Exercise brief | What's needed is an exact copy of the lines from the one that contains "LILLY&BEN pokrowiec na" to the end of the data below, leaving the pictures out.

:::

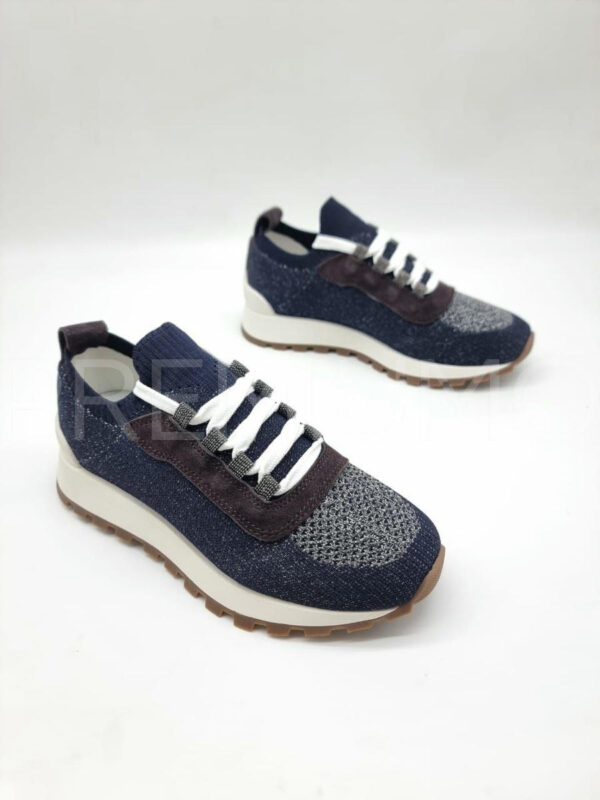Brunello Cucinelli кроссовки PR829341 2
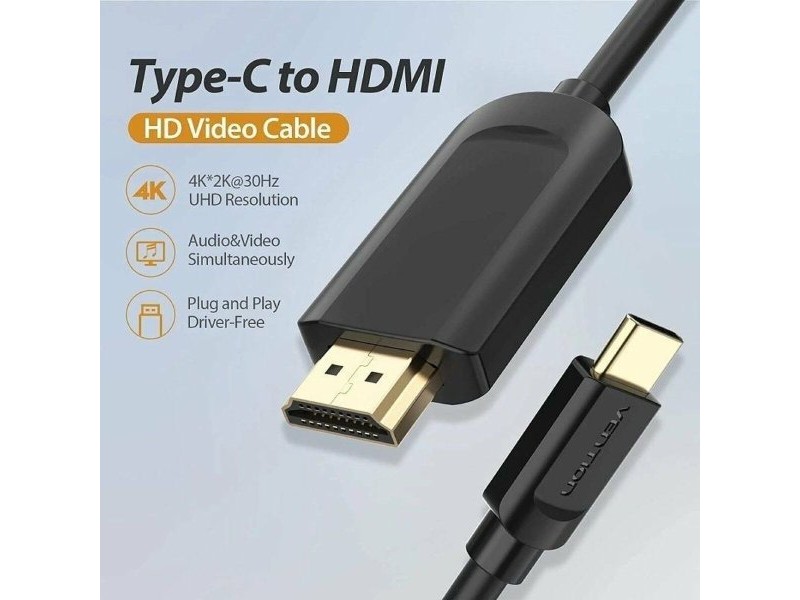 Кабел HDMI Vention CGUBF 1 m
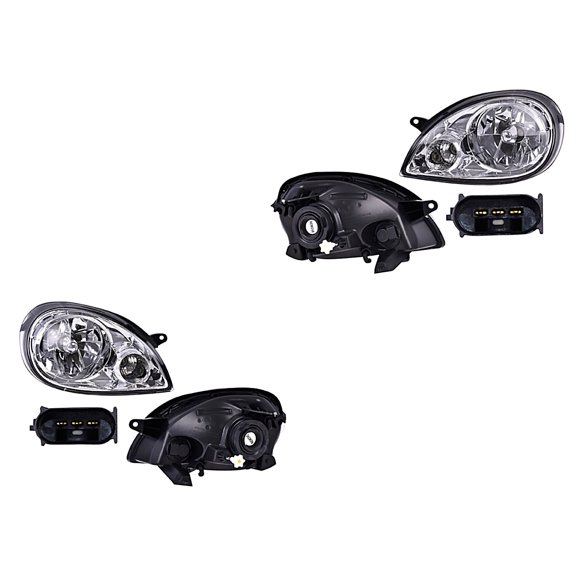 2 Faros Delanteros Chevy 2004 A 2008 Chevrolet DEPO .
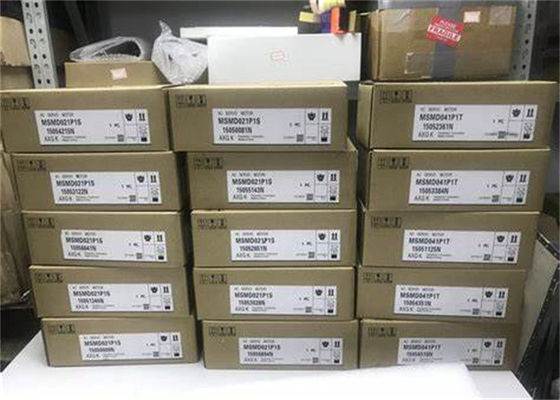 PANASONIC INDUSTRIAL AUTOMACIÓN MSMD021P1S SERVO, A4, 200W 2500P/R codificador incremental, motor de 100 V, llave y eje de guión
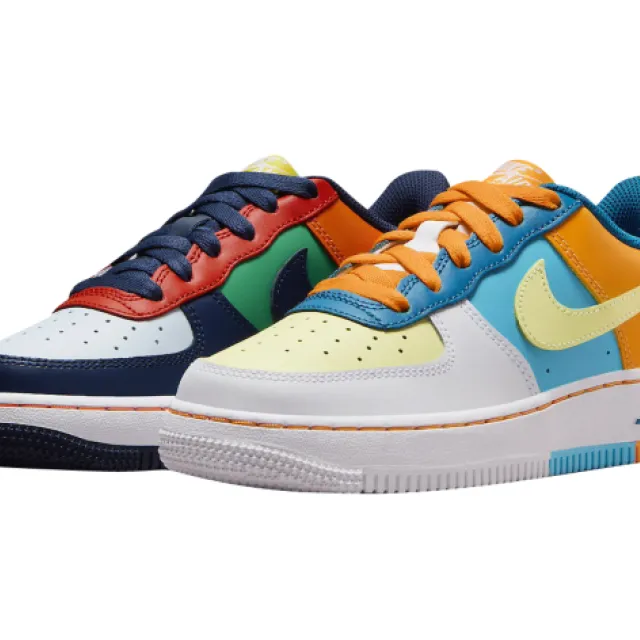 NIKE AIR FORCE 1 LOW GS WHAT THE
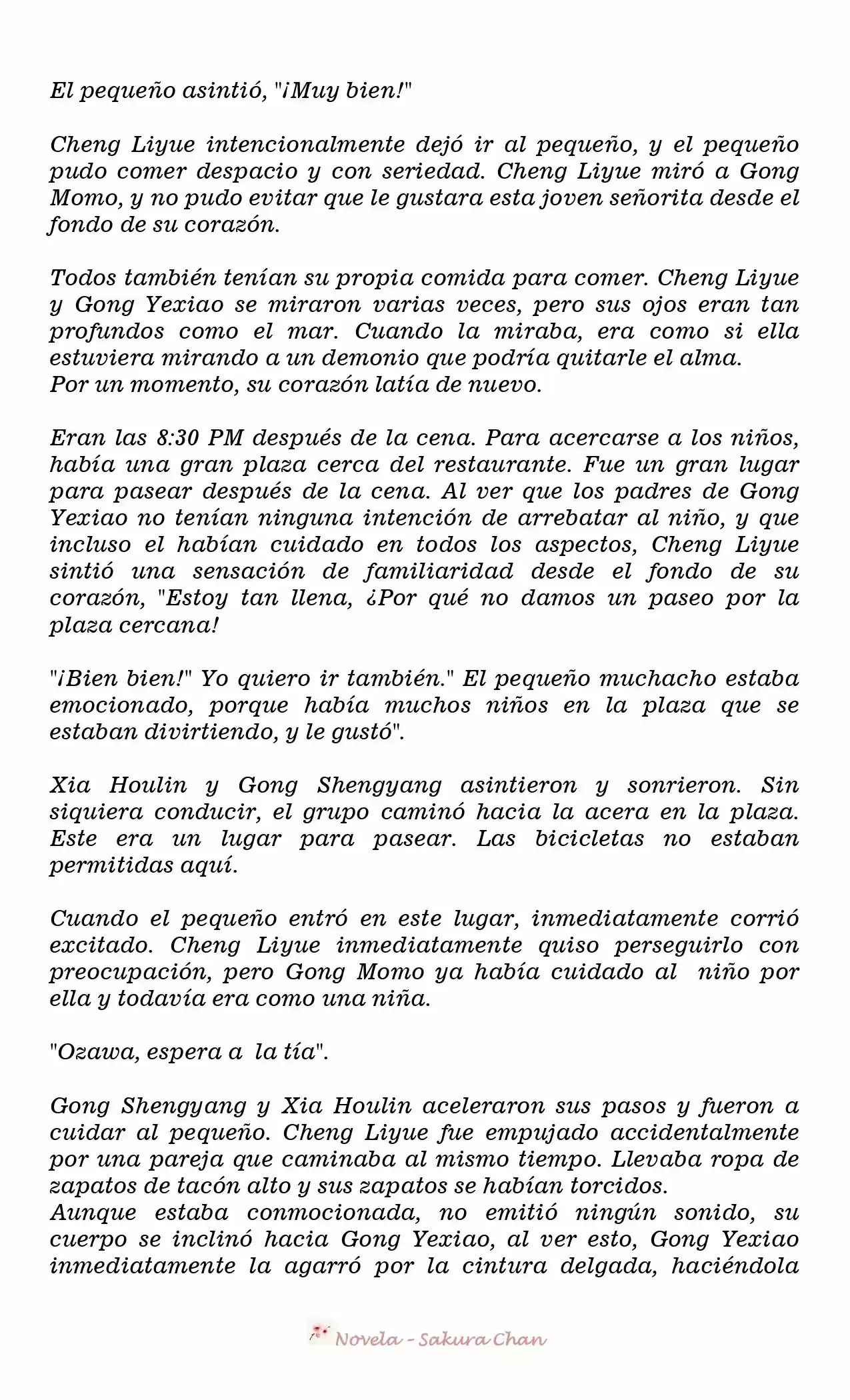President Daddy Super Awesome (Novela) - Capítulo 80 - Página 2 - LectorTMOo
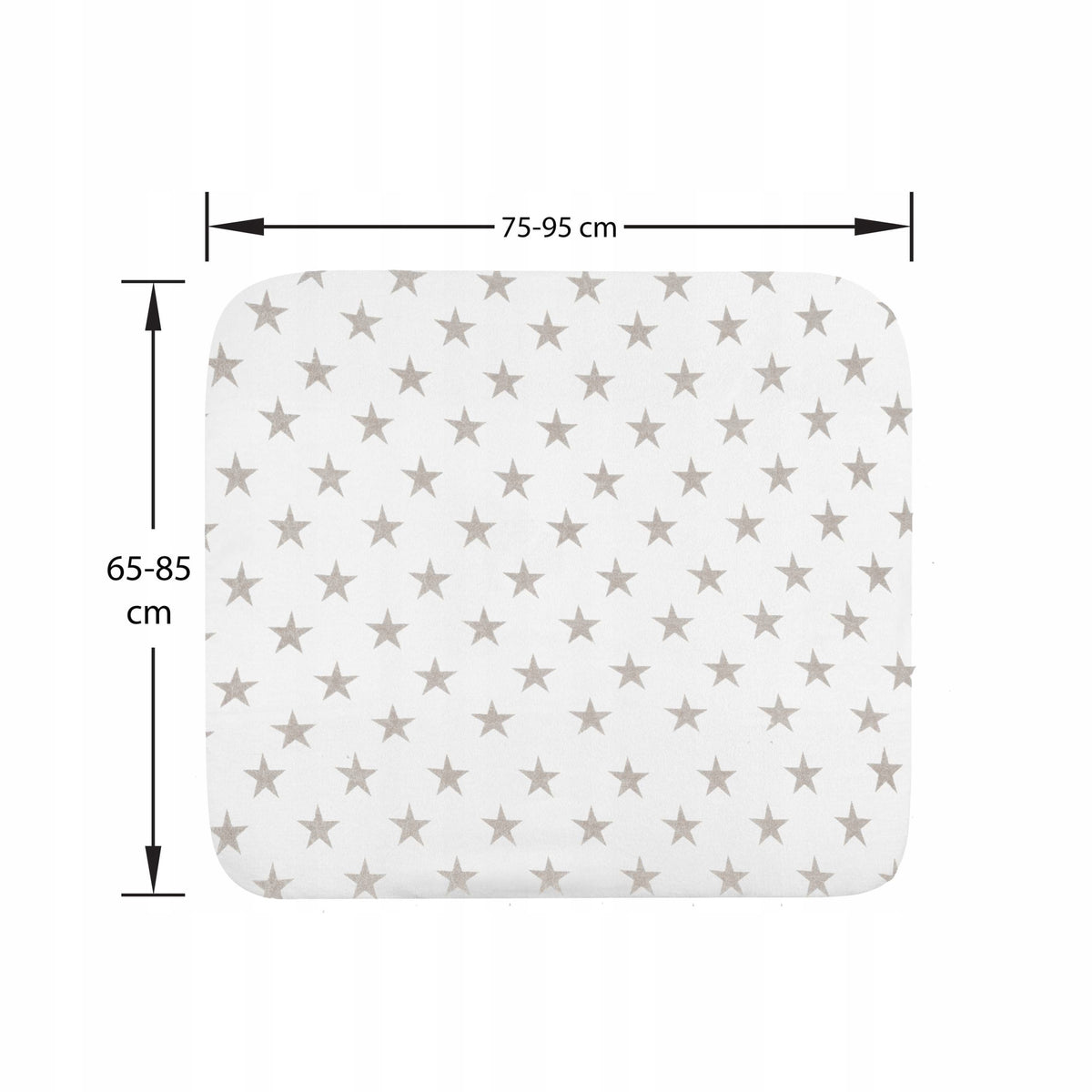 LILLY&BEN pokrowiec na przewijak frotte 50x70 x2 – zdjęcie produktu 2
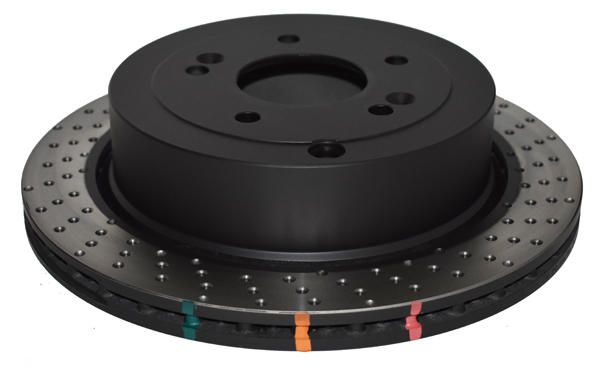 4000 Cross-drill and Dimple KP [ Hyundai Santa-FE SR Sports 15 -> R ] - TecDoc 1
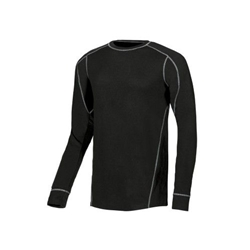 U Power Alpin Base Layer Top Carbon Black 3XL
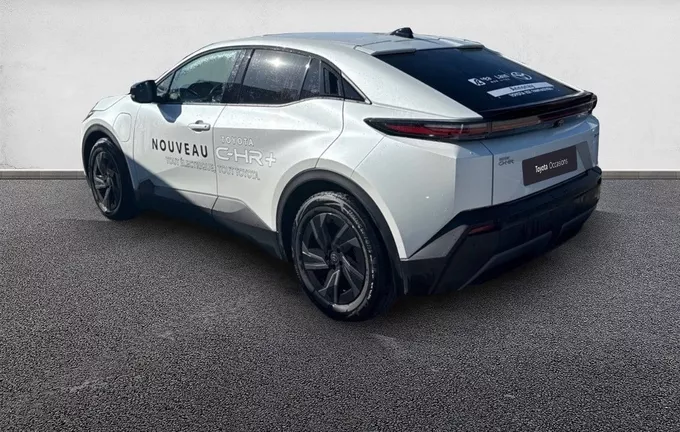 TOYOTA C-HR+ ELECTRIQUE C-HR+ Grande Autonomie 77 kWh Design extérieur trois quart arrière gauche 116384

:::

Completed exercise |
 LILLY&BEN pokrowiec na przewijak frotte 50x70 x2 – zdjęcie produktu 2
 4000 Cross-drill and Dimple KP [ Hyundai Santa-FE SR Sports 15 -> R ] - TecDoc 1
 U Power Alpin Base Layer Top Carbon Black 3XL
 TOYOTA C-HR+ ELECTRIQUE C-HR+ Grande Autonomie 77 kWh Design extérieur trois quart arrière gauche 116384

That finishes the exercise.